> EXERCISE DETAILS
Go to the line with "Puerta de acceso" in the material below and copy from there through the line with "Диски с видеоигрой Titanfall", exactly. Pictures are not copied.

--- DATASET EXTRACT Enclosed Below ---

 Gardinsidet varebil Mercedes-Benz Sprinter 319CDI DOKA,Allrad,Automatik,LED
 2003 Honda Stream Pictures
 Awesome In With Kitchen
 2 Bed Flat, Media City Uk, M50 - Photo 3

--- End of Enclosed DATASET EXTRACT ---
--- DATASET EXTRACT Enclosed Below ---

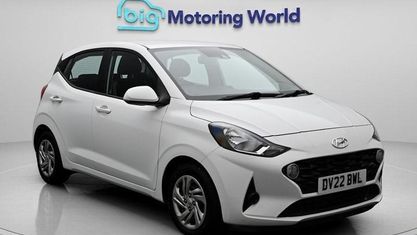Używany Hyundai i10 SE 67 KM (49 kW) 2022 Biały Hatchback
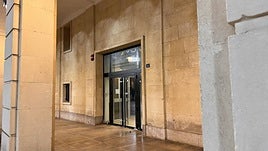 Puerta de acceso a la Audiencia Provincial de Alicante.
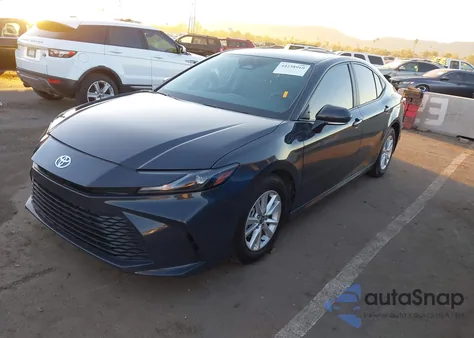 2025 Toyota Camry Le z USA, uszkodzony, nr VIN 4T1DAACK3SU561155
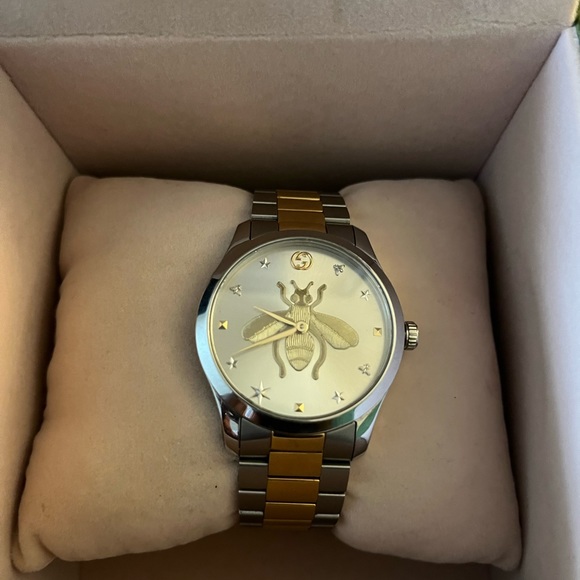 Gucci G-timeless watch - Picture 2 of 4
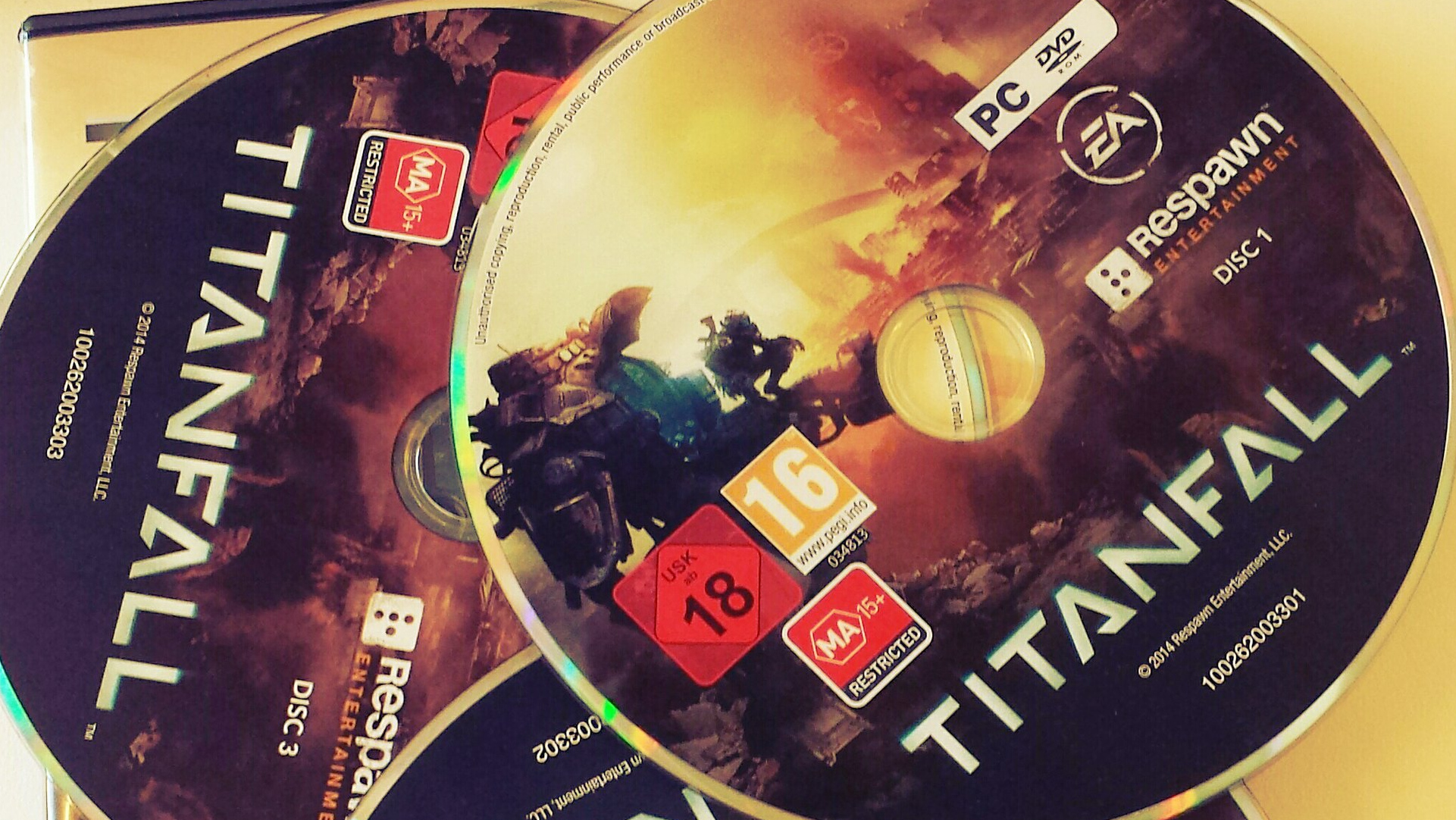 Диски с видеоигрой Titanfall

--- End of Enclosed DATASET EXTRACT ---

> ANSWER SPACE
 Puerta de acceso a la Audiencia Provincial de Alicante.
 2025 Toyota Camry Le z USA, uszkodzony, nr VIN 4T1DAACK3SU561155
 Gucci G-timeless watch - Picture 2 of 4
 Диски с видеоигрой Titanfall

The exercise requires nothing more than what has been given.